**TASK DETAILS**
Without the pictures, repeat the listing character for character.

**DATA**

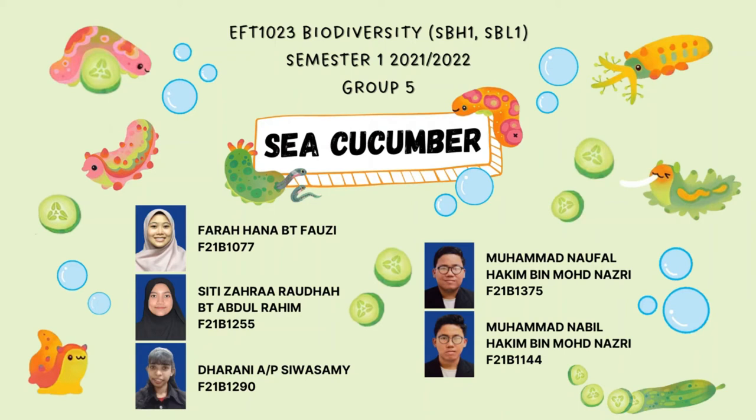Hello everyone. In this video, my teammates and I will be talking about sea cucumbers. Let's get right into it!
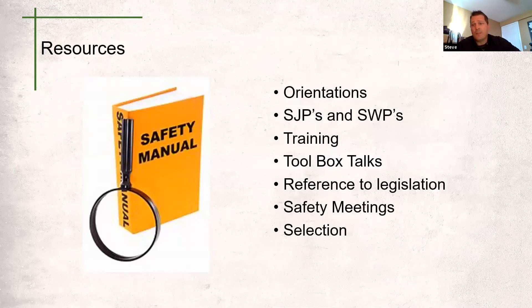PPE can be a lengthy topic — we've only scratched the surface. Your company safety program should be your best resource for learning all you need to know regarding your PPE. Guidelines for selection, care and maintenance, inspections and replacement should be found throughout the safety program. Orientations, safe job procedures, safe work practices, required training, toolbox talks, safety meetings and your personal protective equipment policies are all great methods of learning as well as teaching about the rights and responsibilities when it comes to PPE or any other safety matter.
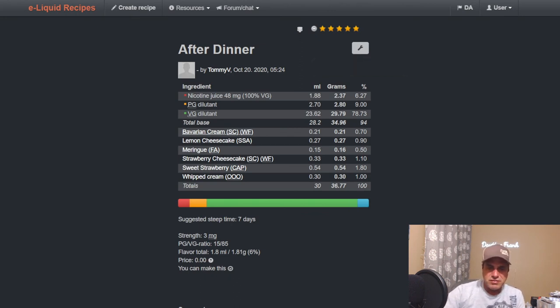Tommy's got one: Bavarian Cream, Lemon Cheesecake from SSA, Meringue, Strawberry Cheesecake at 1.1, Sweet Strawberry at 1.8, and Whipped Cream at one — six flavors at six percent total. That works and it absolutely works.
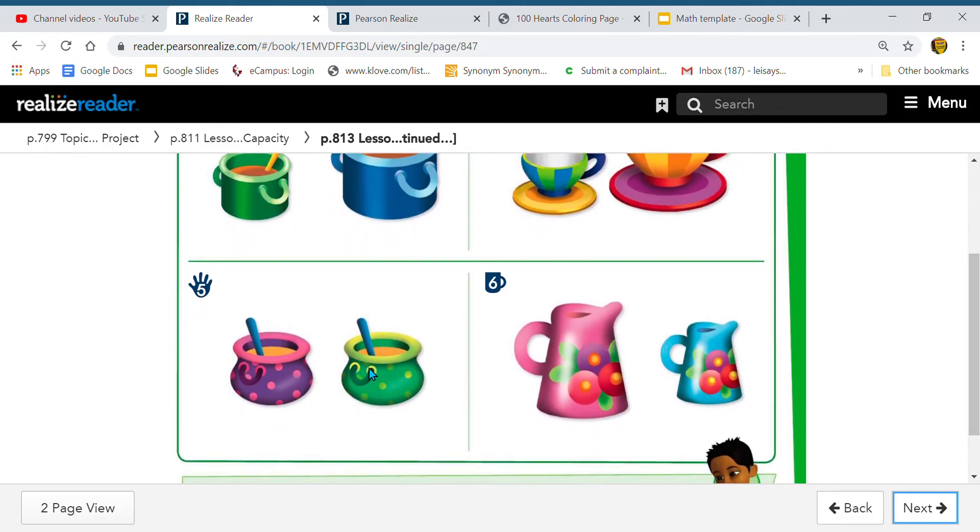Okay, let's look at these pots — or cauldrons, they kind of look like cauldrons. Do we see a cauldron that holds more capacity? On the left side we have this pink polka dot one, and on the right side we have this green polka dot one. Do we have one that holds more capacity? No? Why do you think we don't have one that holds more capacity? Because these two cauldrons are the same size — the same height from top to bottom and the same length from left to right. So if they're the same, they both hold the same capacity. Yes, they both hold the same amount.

**RESULT FOR THIS TASK**
Hello everyone. In this video, my teammates and I will be talking about sea cucumbers. Let's get right into it!
PPE can be a lengthy topic — we've only scratched the surface. Your company safety program should be your best resource for learning all you need to know regarding your PPE. Guidelines for selection, care and maintenance, inspections and replacement should be found throughout the safety program. Orientations, safe job procedures, safe work practices, required training, toolbox talks, safety meetings and your personal protective equipment policies are all great methods of learning as well as teaching about the rights and responsibilities when it comes to PPE or any other safety matter.
Tommy's got one: Bavarian Cream, Lemon Cheesecake from SSA, Meringue, Strawberry Cheesecake at 1.1, Sweet Strawberry at 1.8, and Whipped Cream at one — six flavors at six percent total. That works and it absolutely works.
Okay, let's look at these pots — or cauldrons, they kind of look like cauldrons. Do we see a cauldron that holds more capacity? On the left side we have this pink polka dot one, and on the right side we have this green polka dot one. Do we have one that holds more capacity? No? Why do you think we don't have one that holds more capacity? Because these two cauldrons are the same size — the same height from top to bottom and the same length from left to right. So if they're the same, they both hold the same capacity. Yes, they both hold the same amount.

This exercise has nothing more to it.